The Pope's pastoral letter to the Catholics of Ireland
The letter, to be read at Sunday mass, rebukes church leaders for "grave errors of judgment" by failing to respond adequately to allegations of abuse.
"Your trust has been betrayed and your dignity has been violated," the Pope told victims. "I am truly sorry. I know that nothing can undo the wrong you have endured."
The Pope said he felt "shame and remorse" over what the victims have endured and praised their courage in speaking out about their abuse. He also acknowledged that in many cases, no one listened to their complaints.
"You have suffered grievously and I am truly sorry," he said.
Benedict called the abuse carried out by priests "sinful and criminal." He said those responsible must answer for their acts before God and before properly constituted tribunals.

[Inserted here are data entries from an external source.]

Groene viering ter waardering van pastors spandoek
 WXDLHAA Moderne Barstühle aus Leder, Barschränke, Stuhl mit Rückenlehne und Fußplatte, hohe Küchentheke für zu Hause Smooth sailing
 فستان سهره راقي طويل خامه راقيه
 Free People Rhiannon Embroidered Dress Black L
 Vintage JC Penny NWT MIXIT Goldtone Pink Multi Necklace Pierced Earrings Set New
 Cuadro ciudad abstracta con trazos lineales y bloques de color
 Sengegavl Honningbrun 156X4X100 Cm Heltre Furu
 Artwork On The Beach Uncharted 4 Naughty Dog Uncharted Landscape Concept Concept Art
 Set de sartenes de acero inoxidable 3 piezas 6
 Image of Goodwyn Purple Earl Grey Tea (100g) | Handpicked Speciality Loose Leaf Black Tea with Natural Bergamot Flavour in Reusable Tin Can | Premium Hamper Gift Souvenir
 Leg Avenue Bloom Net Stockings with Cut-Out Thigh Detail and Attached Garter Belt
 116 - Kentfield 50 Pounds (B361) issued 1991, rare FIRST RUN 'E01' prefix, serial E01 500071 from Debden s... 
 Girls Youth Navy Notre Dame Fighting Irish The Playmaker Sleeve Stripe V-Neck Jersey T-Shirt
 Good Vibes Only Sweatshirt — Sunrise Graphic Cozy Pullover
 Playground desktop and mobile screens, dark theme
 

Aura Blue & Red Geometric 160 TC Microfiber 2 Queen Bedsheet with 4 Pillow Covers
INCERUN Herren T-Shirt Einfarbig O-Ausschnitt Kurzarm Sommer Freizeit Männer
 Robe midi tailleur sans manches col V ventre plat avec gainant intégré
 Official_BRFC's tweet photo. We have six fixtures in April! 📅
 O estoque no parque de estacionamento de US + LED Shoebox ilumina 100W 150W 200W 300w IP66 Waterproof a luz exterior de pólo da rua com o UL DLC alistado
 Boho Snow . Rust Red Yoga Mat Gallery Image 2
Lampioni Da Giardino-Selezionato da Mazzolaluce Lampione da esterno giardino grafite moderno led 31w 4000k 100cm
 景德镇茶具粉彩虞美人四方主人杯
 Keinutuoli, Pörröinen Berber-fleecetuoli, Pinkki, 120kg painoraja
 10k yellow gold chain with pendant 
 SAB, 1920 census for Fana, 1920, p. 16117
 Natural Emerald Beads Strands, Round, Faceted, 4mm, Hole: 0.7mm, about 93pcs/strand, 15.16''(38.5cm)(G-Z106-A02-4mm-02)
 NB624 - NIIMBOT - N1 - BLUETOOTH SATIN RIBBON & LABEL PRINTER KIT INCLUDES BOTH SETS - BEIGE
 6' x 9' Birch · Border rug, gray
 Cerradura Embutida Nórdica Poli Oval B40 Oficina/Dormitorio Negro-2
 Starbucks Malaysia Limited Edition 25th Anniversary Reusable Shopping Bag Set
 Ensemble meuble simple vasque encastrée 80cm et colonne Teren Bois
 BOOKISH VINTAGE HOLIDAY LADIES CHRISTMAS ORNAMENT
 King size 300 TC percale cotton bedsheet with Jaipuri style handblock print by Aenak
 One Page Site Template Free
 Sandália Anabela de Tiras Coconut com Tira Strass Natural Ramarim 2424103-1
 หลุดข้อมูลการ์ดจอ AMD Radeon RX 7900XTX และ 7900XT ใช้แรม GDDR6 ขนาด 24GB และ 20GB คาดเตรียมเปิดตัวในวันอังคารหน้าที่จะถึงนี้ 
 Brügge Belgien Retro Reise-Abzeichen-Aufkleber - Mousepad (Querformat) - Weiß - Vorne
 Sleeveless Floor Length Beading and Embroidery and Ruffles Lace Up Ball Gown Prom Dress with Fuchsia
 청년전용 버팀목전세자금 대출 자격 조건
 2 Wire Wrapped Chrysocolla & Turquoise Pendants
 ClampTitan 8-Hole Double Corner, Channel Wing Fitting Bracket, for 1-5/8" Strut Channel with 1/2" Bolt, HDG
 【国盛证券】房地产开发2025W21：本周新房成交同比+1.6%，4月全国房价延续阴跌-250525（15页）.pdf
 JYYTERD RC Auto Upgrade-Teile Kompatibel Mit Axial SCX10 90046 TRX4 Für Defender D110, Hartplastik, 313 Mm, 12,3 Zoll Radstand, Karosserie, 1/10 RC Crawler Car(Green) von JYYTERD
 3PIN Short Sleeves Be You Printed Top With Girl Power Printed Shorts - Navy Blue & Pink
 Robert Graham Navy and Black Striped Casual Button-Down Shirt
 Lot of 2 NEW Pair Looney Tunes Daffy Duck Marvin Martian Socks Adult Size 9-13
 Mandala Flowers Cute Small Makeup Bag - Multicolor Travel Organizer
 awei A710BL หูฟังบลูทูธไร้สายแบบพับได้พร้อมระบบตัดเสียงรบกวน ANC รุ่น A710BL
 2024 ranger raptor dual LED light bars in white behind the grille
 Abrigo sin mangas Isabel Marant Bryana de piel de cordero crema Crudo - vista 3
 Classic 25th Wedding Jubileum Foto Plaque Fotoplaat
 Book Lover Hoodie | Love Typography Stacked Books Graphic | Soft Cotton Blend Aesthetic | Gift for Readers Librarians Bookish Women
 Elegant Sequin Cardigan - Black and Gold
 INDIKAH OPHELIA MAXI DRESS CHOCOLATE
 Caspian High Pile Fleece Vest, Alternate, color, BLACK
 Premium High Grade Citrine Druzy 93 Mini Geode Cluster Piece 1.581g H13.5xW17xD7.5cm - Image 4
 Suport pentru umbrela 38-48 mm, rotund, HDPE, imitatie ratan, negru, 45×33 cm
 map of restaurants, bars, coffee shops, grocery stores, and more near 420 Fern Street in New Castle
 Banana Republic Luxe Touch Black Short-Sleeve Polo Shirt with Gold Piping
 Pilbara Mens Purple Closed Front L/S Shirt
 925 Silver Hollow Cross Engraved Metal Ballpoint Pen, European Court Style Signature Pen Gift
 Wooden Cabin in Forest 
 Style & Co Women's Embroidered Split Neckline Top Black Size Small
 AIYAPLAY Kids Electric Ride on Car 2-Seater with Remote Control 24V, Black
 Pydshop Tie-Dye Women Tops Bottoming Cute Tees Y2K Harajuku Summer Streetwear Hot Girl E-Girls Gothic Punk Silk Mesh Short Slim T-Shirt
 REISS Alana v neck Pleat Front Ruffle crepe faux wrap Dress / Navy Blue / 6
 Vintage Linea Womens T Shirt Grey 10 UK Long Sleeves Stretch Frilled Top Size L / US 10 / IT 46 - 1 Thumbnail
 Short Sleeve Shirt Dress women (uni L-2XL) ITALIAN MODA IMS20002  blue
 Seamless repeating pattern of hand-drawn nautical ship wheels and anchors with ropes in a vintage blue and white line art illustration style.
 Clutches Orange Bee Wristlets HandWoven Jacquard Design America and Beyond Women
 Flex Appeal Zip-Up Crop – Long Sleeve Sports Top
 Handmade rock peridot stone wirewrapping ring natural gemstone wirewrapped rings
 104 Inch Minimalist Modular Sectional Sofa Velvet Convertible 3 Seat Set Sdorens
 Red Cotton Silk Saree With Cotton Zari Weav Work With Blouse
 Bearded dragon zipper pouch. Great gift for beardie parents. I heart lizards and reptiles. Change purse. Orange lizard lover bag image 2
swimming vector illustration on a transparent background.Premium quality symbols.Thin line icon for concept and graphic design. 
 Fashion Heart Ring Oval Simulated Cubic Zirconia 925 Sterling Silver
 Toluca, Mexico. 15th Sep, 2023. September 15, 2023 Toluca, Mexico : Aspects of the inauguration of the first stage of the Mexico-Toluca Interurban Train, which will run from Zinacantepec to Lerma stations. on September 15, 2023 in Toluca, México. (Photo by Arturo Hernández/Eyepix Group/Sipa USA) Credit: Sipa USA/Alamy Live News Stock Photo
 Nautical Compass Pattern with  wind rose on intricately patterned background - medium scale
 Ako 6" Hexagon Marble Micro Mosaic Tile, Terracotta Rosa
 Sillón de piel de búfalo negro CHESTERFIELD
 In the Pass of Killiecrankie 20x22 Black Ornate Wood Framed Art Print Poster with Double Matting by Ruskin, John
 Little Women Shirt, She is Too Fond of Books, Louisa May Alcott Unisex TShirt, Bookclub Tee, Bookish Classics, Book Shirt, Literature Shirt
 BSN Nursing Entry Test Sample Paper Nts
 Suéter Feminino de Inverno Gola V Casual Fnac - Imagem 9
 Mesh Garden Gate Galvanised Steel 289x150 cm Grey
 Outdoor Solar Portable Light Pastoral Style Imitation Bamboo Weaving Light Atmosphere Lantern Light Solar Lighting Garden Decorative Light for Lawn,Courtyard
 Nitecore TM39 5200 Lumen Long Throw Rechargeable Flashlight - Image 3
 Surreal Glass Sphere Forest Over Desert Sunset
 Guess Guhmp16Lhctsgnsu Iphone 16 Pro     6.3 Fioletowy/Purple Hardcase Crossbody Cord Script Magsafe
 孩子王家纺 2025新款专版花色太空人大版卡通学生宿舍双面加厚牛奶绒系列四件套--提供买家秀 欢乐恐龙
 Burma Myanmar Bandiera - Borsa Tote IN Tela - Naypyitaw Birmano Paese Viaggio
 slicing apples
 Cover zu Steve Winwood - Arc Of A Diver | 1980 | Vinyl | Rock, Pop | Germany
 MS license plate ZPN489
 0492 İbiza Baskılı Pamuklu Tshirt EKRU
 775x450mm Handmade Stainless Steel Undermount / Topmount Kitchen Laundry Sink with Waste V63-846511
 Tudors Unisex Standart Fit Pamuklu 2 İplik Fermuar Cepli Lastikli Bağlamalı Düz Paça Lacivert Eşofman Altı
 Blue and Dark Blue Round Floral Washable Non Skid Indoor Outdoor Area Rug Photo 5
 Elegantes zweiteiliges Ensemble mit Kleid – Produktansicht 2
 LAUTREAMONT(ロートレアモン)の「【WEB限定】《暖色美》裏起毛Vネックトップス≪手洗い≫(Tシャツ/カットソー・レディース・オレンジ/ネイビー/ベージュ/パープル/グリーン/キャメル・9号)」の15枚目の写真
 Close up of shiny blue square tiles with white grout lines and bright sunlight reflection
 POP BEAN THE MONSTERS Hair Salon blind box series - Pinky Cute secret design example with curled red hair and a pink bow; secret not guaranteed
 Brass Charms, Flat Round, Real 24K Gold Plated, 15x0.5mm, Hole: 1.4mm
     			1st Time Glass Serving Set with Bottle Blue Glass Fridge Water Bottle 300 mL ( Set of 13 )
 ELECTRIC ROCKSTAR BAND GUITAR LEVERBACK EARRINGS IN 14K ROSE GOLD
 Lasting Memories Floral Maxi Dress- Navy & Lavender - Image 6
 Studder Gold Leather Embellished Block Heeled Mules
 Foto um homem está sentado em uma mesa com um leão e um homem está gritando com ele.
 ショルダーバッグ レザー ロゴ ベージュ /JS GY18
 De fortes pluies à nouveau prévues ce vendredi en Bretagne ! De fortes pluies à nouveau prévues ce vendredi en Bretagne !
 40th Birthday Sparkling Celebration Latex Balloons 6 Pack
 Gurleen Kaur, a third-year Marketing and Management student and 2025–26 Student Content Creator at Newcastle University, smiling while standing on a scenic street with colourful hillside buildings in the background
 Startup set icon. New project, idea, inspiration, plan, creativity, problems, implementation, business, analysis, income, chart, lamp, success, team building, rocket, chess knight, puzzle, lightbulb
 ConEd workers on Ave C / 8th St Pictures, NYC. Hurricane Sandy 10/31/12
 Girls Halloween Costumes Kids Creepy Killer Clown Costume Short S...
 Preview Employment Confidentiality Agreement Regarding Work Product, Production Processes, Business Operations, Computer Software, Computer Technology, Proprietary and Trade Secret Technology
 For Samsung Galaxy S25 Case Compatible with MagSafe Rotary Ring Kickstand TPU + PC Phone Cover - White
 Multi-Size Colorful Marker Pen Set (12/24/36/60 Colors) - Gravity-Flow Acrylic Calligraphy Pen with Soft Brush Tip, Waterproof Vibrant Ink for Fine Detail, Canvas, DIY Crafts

He said many factors gave rise to the problem, including "insufficient human, moral, intellectual and spiritual formation in seminaries and novitiates," a tendency in society to favour the clergy, and a misplaced concern for the reputation of the church and the avoidance of scandal.
"Today is a very historical day for the Catholics of Ireland," said Cardinal Sean Brady, the top cardinal in Ireland who himself is under fire for not reporting a notorious abuser to police.
"In the name of the church, Pope Benedict openly expresses the shame and remorse that we all feel about the abuse that has occurred," said Cardinal Brady, who read the letter Saturday to worshippers at St. Patrick's Cathedral in Armagh, in Northern Ireland.
One in Four, the victims' group, said a new church leadership is necessary in Ireland for the church to regain its credibility.
"In relation to the Irish bishops, the Pope acknowledges their failings, but situates them in failures to adhere to canon law," the group said. "There is no appreciation that the law of the land supersedes canon law, and that the Catholic bishops, like any other citizens, are obliged to abide by Irish law."
Three Irish government-ordered investigations published from 2005 to 2009 have documented how thousands of Irish children suffered rape, molestation and other abuse by priests in their parishes and by nuns and brothers in boarding schools and orphanages.
Irish bishops did not report a single case to police until 1996, after victims began to sue the church.